Claro, sou da zona sul de Lanús. Só CONHEÇO os assinantes do meu grupo VIP no Telegram (depois tenho um gratuito). Meu user: ROMALA89 e sim, aceito propostas indecentes hahaha. Fomos ao Plaza Oeste buscar umas bucaneras divinas, bem justinhas. Era umas 20h. Demos uma volta no shopping, experimentando coisas, e quando saímos já era umas 21:30. Na volta, pela Rota 4, na altura de San Justo, o Martín me solta meio sério, meio brincando: —E se eu tirar umas fotos tuas aqui? De vez em quando, nas esquinas, dava pra ver umas minas trabalhando. Eu sempre levo minha bolsa com "a roupa de emergência" na caminhonete, caso role algo. Então, sem pensar, me troquei ali mesmo. Desci, posei pra umas fotos, e o Martín fala: —Vou dar uma volta no quarteirão e te filmo. —Fala tu —respondi, sorrindo. Enquanto ele se afastava, um caminhão parou e o motorista fez sinal pra mim. Eu não entendi direito, me fiz de desentendida e mandei mensagem pro Martín. Ele responde: —Tô bem atrás… chega perto e descarta. Cheguei perto, falei pro caminhoneiro que tava esperando um Uber que tinha acabado de chegar, e ele responde com um "que pena" e um olhar intenso. Me pergunta quanto, e eu, improvisando, jogo um número rápido. Ele topa na hora. Saio correndo pra caminhonete e conto pro Martín, que morre de rir e fala: —Faz uma videochamada comigo! Respiro fundo, volto atrás e subo no caminhão. A cabine tava na penumbra, cheiro de diesel misturado com um perfume forte. O motorista me encara, com um sorriso que diz mais que mil palavras. Lá fora, as luzes da estrada continuavam passando, mas ali dentro o tempo parecia ter parado.
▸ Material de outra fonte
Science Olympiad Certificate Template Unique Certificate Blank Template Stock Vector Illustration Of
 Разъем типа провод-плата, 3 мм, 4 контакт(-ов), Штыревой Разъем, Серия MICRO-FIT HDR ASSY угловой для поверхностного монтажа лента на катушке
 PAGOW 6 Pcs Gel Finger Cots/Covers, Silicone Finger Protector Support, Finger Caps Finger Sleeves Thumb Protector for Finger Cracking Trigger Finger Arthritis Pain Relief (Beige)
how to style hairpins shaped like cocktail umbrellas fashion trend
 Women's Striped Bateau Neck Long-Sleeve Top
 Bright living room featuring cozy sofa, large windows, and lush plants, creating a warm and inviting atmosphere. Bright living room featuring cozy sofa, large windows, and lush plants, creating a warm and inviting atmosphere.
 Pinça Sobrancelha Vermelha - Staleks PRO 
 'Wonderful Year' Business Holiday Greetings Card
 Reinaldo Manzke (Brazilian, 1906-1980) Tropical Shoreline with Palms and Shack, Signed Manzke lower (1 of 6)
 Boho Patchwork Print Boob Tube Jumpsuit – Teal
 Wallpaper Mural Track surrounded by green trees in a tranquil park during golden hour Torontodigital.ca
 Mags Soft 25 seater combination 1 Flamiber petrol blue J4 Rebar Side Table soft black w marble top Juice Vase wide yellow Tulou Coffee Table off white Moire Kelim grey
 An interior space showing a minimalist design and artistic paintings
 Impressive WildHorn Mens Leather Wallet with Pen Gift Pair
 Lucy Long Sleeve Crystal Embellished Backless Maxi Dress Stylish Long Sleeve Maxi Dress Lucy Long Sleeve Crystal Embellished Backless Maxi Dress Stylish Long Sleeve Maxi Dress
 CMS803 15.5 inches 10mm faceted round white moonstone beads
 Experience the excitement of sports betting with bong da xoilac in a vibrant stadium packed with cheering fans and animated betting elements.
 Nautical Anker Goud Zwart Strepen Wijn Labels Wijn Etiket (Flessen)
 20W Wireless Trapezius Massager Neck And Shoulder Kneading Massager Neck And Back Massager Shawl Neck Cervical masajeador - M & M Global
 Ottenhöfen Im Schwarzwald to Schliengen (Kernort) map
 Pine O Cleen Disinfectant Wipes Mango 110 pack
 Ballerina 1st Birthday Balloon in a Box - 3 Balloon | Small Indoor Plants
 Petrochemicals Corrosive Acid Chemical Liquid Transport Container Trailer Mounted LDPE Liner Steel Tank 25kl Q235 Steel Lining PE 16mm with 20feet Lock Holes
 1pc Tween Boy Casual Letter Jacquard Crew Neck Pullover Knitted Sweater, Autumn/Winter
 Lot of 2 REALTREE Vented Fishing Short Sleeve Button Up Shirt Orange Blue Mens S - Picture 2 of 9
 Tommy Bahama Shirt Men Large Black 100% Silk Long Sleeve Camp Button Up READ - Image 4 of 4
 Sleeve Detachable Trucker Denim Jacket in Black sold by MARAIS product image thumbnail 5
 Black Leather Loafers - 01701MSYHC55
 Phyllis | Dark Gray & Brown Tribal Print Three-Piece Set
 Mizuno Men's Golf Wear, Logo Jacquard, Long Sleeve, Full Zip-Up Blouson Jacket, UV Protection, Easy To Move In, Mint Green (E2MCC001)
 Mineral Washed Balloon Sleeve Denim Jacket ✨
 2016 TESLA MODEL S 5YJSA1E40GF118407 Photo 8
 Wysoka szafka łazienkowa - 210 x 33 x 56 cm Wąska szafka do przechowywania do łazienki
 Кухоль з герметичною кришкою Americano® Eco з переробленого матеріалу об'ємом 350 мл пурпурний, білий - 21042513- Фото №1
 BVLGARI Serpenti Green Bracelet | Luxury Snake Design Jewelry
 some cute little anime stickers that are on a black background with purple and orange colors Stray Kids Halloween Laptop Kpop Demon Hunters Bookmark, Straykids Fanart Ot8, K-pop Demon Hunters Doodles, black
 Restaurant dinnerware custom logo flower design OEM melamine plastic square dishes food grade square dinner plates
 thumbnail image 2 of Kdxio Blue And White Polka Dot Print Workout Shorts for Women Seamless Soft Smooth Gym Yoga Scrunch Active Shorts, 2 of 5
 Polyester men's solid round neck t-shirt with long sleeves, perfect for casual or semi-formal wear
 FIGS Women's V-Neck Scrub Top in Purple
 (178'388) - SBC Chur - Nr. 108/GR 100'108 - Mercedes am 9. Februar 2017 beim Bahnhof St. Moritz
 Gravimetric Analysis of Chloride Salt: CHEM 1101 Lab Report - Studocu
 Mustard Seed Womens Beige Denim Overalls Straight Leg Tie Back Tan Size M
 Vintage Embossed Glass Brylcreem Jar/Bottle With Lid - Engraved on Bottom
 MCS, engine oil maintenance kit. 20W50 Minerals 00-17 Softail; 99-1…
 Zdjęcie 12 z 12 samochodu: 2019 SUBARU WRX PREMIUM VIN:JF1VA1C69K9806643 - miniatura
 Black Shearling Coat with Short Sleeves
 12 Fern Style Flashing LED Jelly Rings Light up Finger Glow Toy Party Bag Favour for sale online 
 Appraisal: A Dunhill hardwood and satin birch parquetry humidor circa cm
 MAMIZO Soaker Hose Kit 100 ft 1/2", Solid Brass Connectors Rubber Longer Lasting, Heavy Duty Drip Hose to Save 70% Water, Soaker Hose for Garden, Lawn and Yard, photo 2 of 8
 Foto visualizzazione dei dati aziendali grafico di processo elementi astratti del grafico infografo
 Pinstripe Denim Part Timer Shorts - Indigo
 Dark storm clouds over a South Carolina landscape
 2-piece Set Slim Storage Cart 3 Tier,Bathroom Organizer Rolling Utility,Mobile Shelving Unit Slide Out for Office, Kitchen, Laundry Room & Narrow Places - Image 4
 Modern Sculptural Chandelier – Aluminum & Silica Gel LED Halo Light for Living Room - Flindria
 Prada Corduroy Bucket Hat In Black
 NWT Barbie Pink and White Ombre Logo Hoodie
A voz dele soava grave quando falava comigo. Eu sentia ele me devorando com o olhar. Não precisou falar muito; o clima já tava pesado. Minhas mãos brincavam com a borda das bucaneras, e ele se aproximava devagar, como se cada movimento fosse calculado. Não vou dar todos os detalhes… mas Digamos que quando desci do caminhão, o Martín já tava me esperando com aquele sorriso safado que a gente sempre teve. E na memória — e no celular dele — ficou registrado algo que naquela noite nenhum de nós dois vai esquecer.